THE PROBLEM:
Beginning with the line containing "A sleek, silver" and ending with the line containing "127 Rueda Encina", write out each line of the records below exactly; pictures and lines outside that range are left out.

EXTRACTED DATA:

+++++

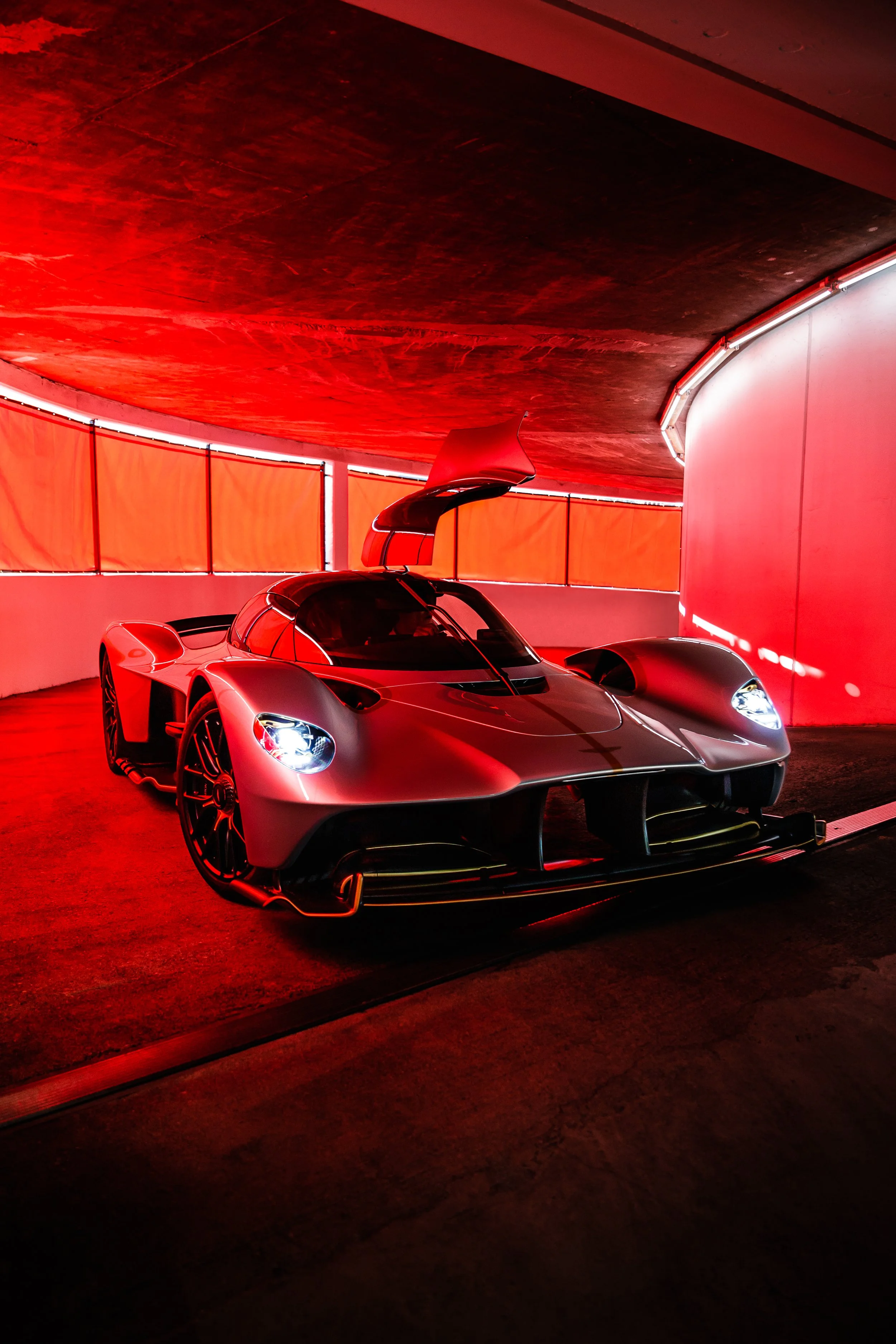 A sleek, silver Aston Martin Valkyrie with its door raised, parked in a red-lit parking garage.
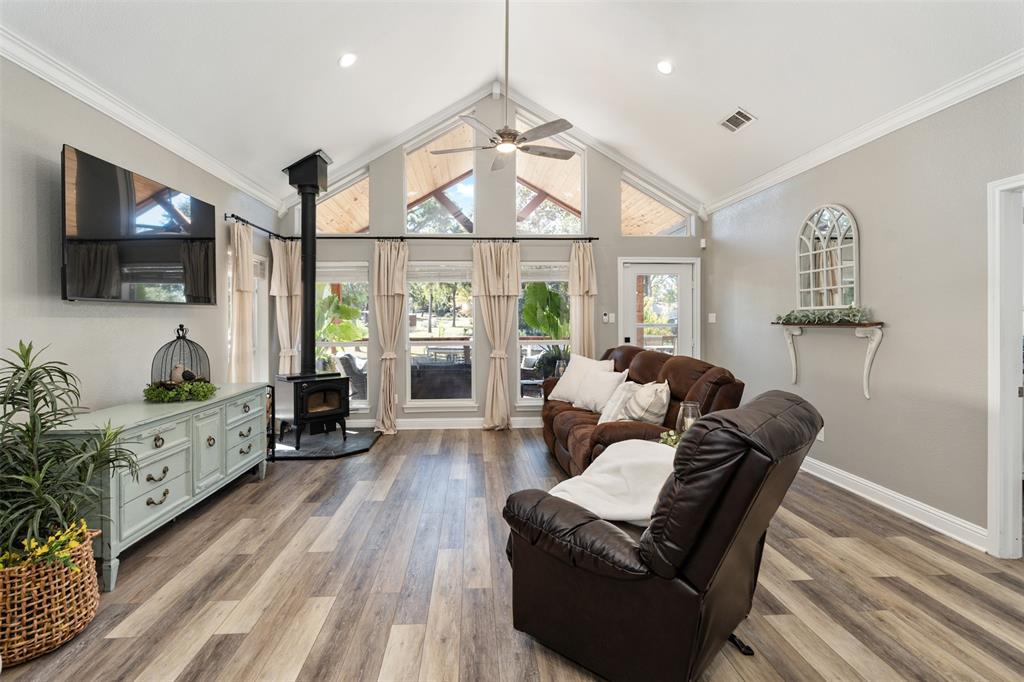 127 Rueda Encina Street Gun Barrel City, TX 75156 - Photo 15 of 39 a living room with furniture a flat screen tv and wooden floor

+++++

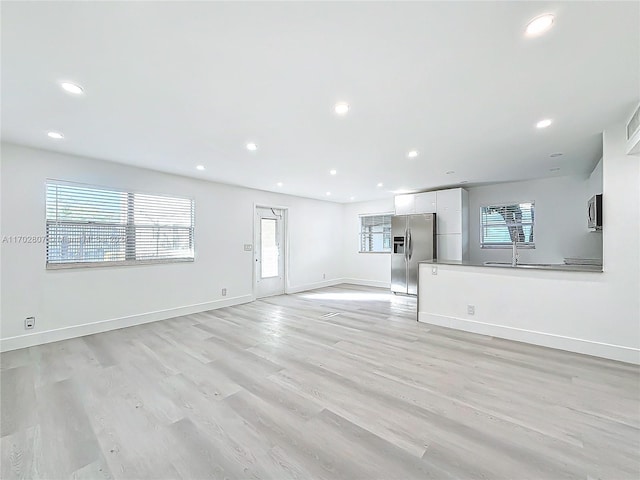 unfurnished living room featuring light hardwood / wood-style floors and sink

+++++

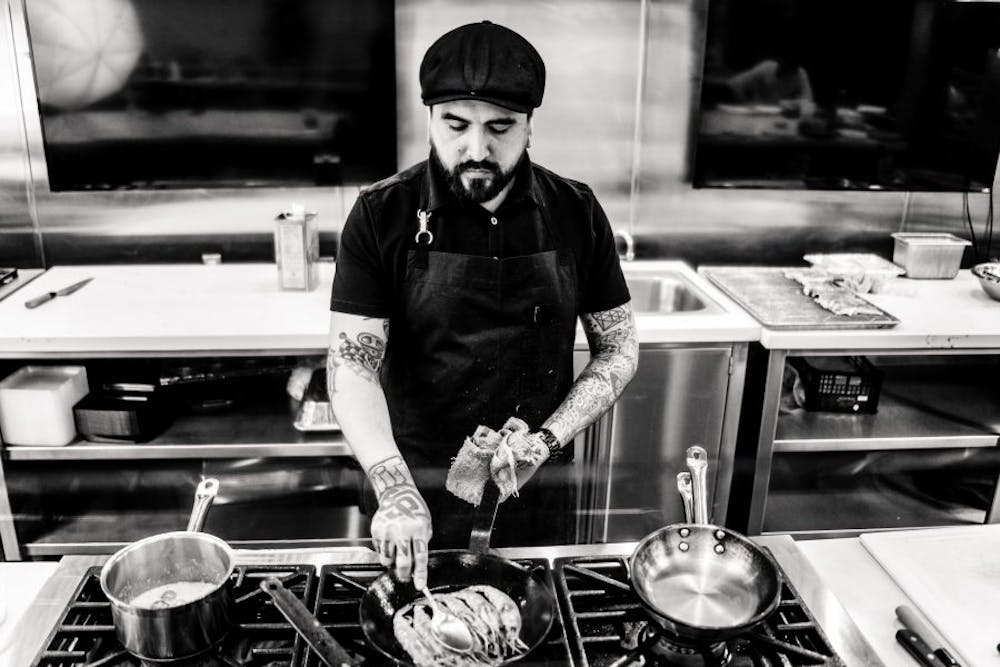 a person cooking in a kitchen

+++++

SOLVED PROBLEM:
 A sleek, silver Aston Martin Valkyrie with its door raised, parked in a red-lit parking garage.
 127 Rueda Encina Street Gun Barrel City, TX 75156 - Photo 15 of 39 a living room with furniture a flat screen tv and wooden floor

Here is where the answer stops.